John Stuart Mill Argues Against Punishing or Stigmatizing, but For Advising and Preaching to People Who Engage in Self-Destructive Behaviors
When it is treated as anything more than a convenient simplification–or a solid starting place for thinking things through–one of the silliest conceits of economics is the idea that people never act against their own interests. Most often, people act against their own interests because cognitive limitations make it hard for them to figure out the right choice, even though strictly speaking, all the information they need to make an informed ex ante choice is in front of them. But sometimes, people’s psyches are riven by internal divisions. When someone’s soul is embroiled in a hammer-and-tongs civil war, it is natural and appropriate for others to want to weigh in on behalf of one side or another in that struggle. And sometimes, even when one side of an internal psychic division seems firmly in charge, others may want to foment regime change.

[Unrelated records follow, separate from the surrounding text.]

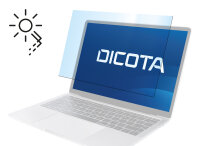 DICOTA Privacy Filter 2-way 35,6 cm (14") Laptop...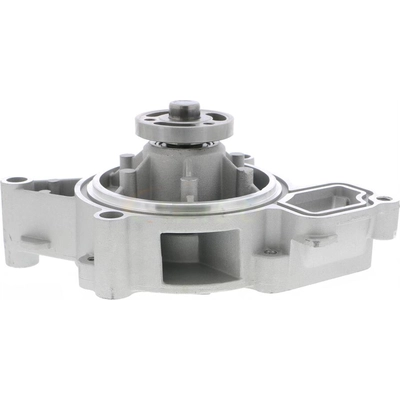 New Water Pump by VAICO - V40-50043 pa3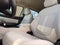 2025 Hyundai TUCSON SEL FWD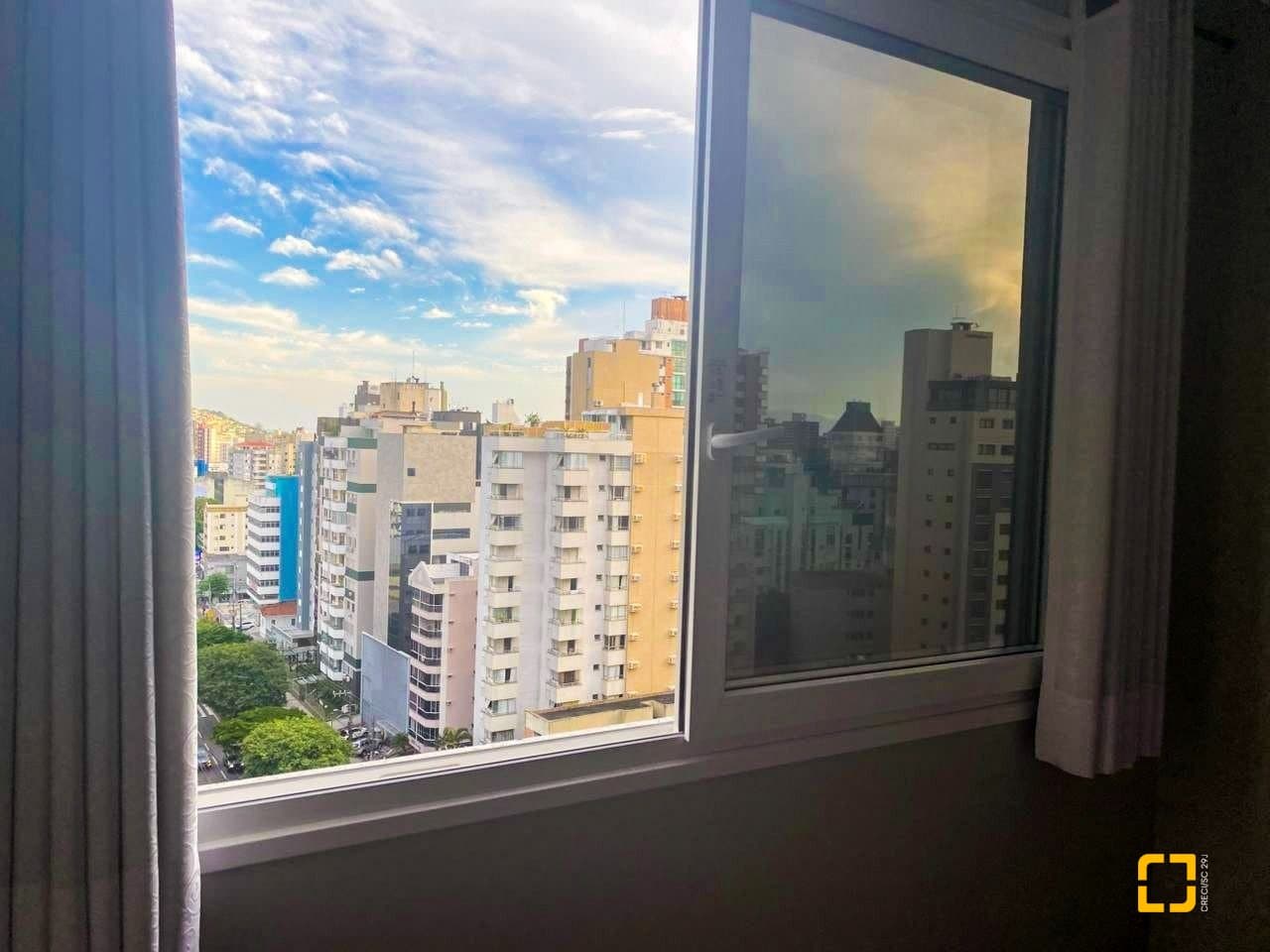 Foto do anúncio número 4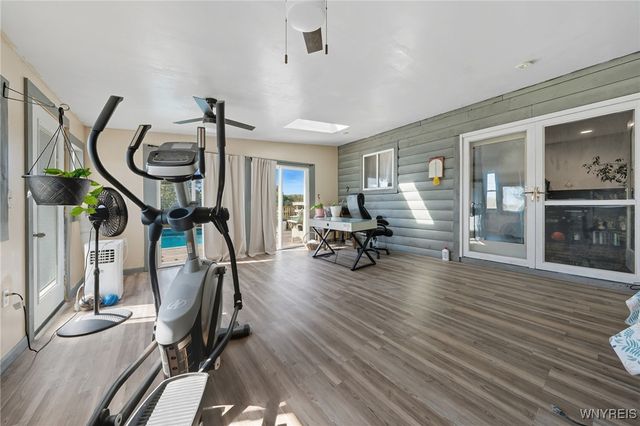 5604 Gasport Road, Royalton, NY 14067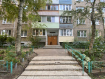 2-комнатная квартира, Северная улица, 38/2. Фото 8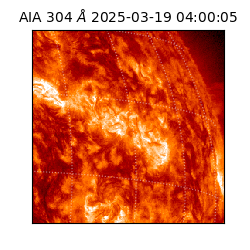 saia - 2025-03-19T04:00:05.129000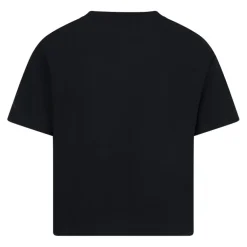 Camisetas manga corta Jordan Jdg Jumpman Two Three Ss Tee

In On Liberty, Chapter IV, “Of the Limits to the Authority of Society over the Individual” paragraphs 3-4, John Stuart Mill lays down rules for such an intervention. In particular, he argues that punishment and strong social stigma should be off limits, but that other efforts to help people improve their lives are a good thing:
As soon as any part of a person’s conduct affects prejudicially the interests of others, society has jurisdiction over it, and the question whether the general welfare will or will not be promoted by interfering with it, becomes open to discussion. But there is no room for entertaining any such question when a person’s conduct affects the interests of no persons besides himself, or needs not affect them unless they like (all the persons concerned being of full age, and the ordinary amount of understanding). In all such cases there should be perfect freedom, legal and social, to do the action and stand the consequences. It would be a great misunderstanding of this doctrine to suppose that it is one of selfish indifference, which pretends that human beings have no business with each other’s conduct in life, and that they should not concern themselves about the well-doing or well-being of one another, unless their own interest is involved. Instead of any diminution, there is need of a great increase of disinterested exertion to promote the good of others. But disinterested benevolence can find other instruments to persuade people to their good, than whips and scourges, either of the literal or the metaphorical sort.
One big reason to limit efforts to change what seems like someone else’s self-destructive behavior to advice and preaching rather than punishing or stigmatizing is that one might be wrong. But another reason is that punishing and stigmatizing cause direct harm. For example, the many people in prison for drug use have lives that were already blighted by drugs now blighted by prison as well. Finally, punishing and stigmatizing may often be ineffective because the elements of a riven psyche one wants to encourage may have trouble seeing a punisher or stigmatizer as friendly.